§ **Work order**
Extract the whole listing as it stands. Do not include the pictures.
*** Data segment ***
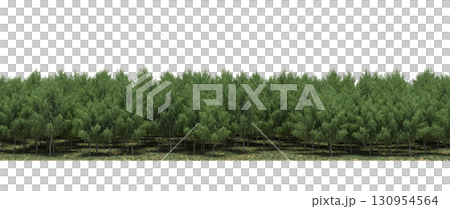 tree, isolated, branch, large, nature, plant, background, garden, forest, stem, summer, transparent, green, environment, foliage, shadow, big, leaf, season, wood, object, natural, single, silhouette, tree, isolated, branch, large, nature, plant, background, garden, forest, stem, summer, transparent, green, environment, foliage, shadow, big, leaf, season, wood, object, natural, single, silhouette, 130954564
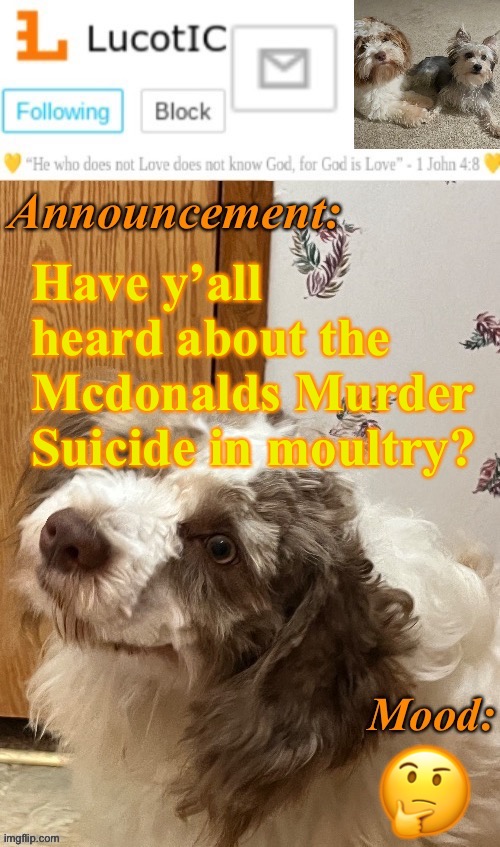 . | Have y’all heard about the Mcdonalds Murder Suicide in moultry? 🤔 | image tagged in lucotic s fangz announcement temp thanks strike | made w/ Imgflip meme maker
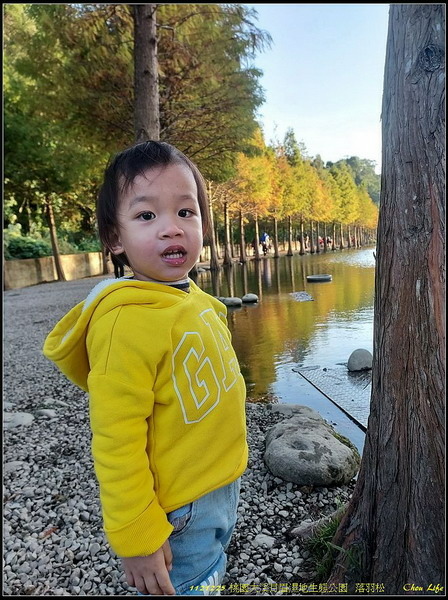 B26月眉濕地公園  落羽松.jpg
*** End of Data segment ***
§ **Solution for this task**
 tree, isolated, branch, large, nature, plant, background, garden, forest, stem, summer, transparent, green, environment, foliage, shadow, big, leaf, season, wood, object, natural, single, silhouette, tree, isolated, branch, large, nature, plant, background, garden, forest, stem, summer, transparent, green, environment, foliage, shadow, big, leaf, season, wood, object, natural, single, silhouette, 130954564
 . | Have y’all heard about the Mcdonalds Murder Suicide in moultry? 🤔 | image tagged in lucotic s fangz announcement temp thanks strike | made w/ Imgflip meme maker
 B26月眉濕地公園  落羽松.jpg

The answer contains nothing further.